I am using Xalan (which i believe in turn uses Xerces) to do the parsing and validation. Why
could this error be occuring ?
Thanks for your help.
Regards,
Chetan
Joseph Kesselman <[EMAIL PROTECTED]>
08/17/2004 08:04 PM
|
|
Alternatively, you can use an internal subset (DTD syntax inside the
document itself, which keeps things self-contained)...
or you skip the mnemonic names and just use numeric character references...

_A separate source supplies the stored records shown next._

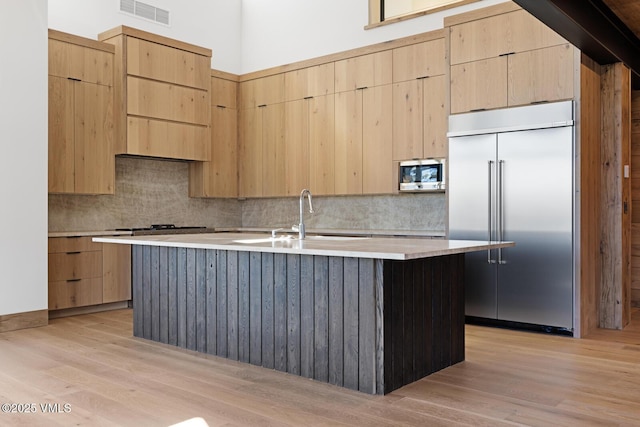 181 Black Bear Trl, Edwards, CO 81632 - kitchen with modern cabinets, visible vents, appliances with stainless steel finishes, a sink, and light brown cabinets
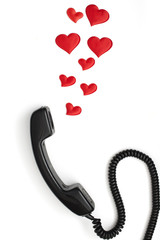 retro telephone handset with hearts isolated on white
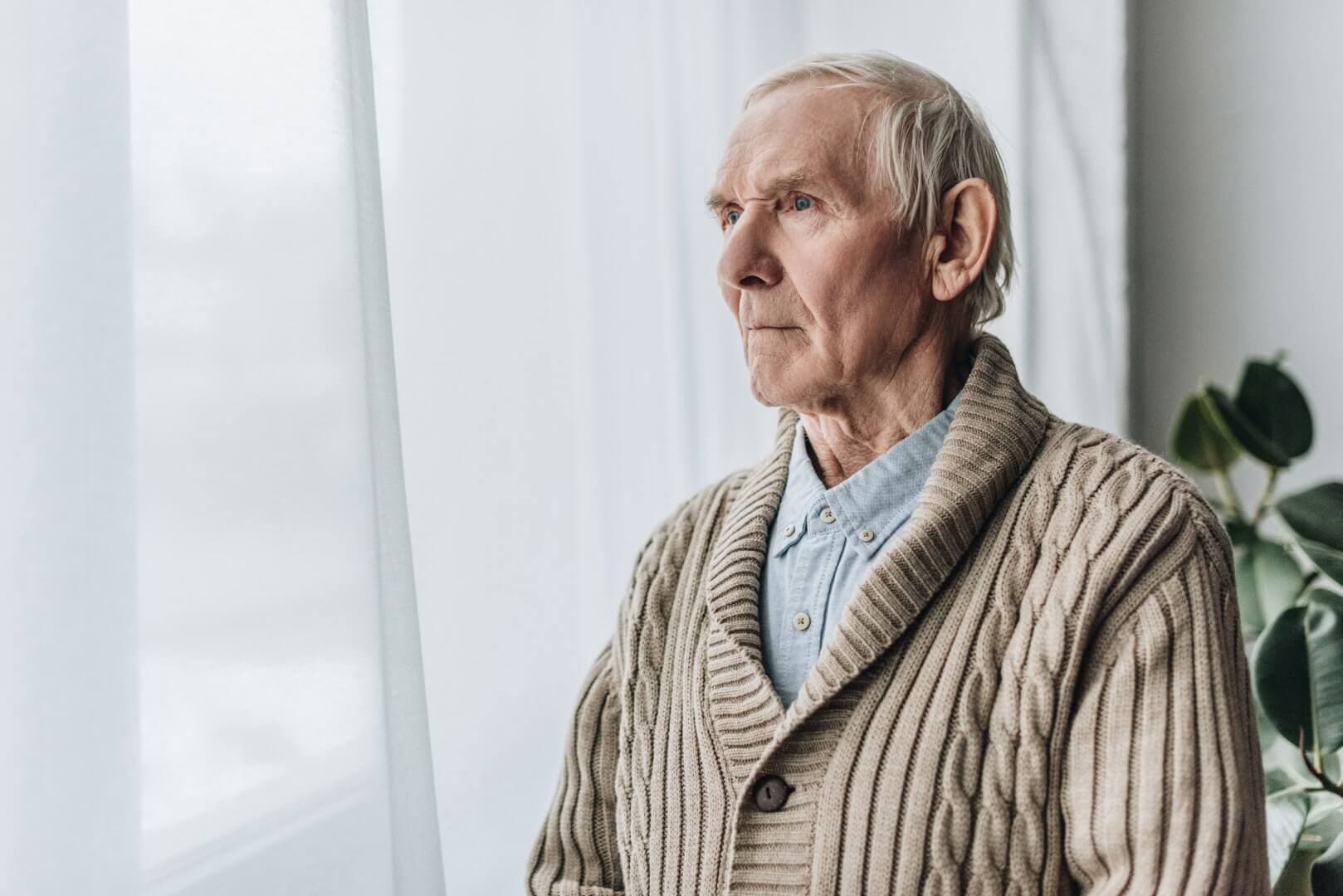 Elderly man in a knitted sweater gazing out of a window beside a potted plant. - Home Instead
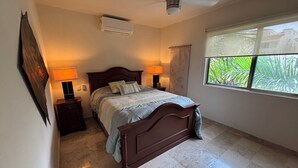 Quarto com cama, duas mesas de cabeceira com luminárias, ventilador de teto, ar condicionado, janela com vista para vegetação e uma obra de arte na parede.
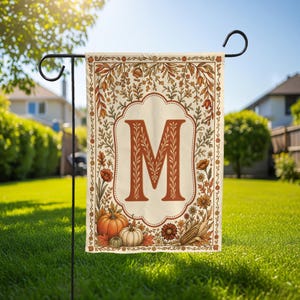 May include: A rectangular garden flag featuring a cream-colored center with a large, ornate orange letter M. The border is decorated with autumn-themed illustrations including orange pumpkins, brown corn, and various fall-colored leaves and flowers.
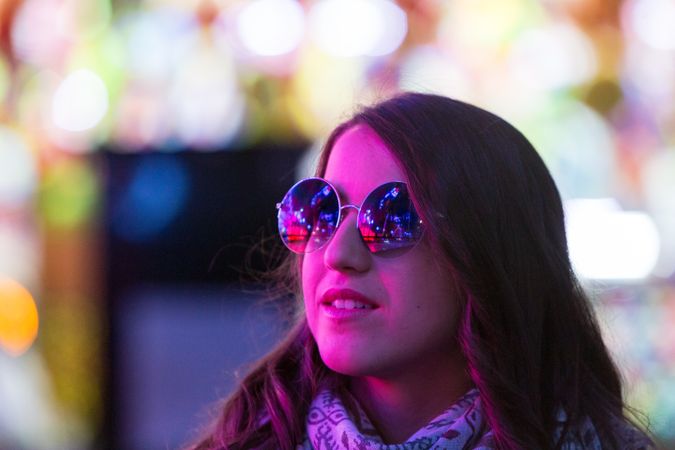 Stylish young woman near illumination on street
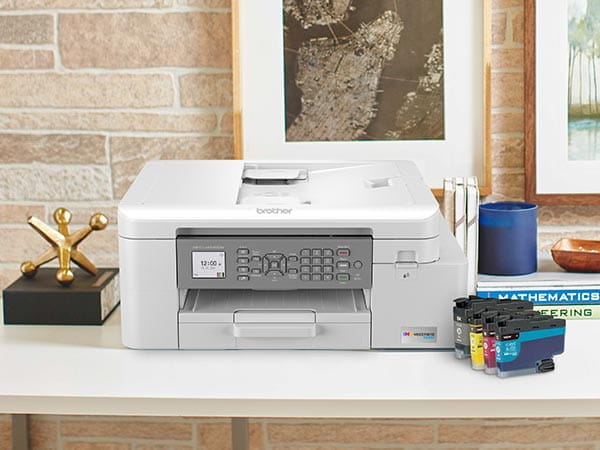Printer on home office desk with ink cartridges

or you skip those and just use the characters themselves and pick an
encoding which supports them and which your processor understands. (if in
doubt, UTF-8 does support everything and is supported by all XML
processors).
(Schema considered adding an Entity-like macro/import facility, but decided
to leave this for other standards to deal with. Unfortunately there hasn't
yet been a clear consensus on what the best replacement is...)
______________________________________
Joe Kesselman, IBM Next-Generation Web Technologies: XML, XSL and more.
"The world changed profoundly and unpredictably the day Tim Berners Lee
got bitten by a radioactive spider." -- Rafe Culpin, in r.m.filk
---------------------------------------------------------------------
To unsubscribe, e-mail: [EMAIL PROTECTED]
For additional commands, e-mail: [EMAIL PROTECTED]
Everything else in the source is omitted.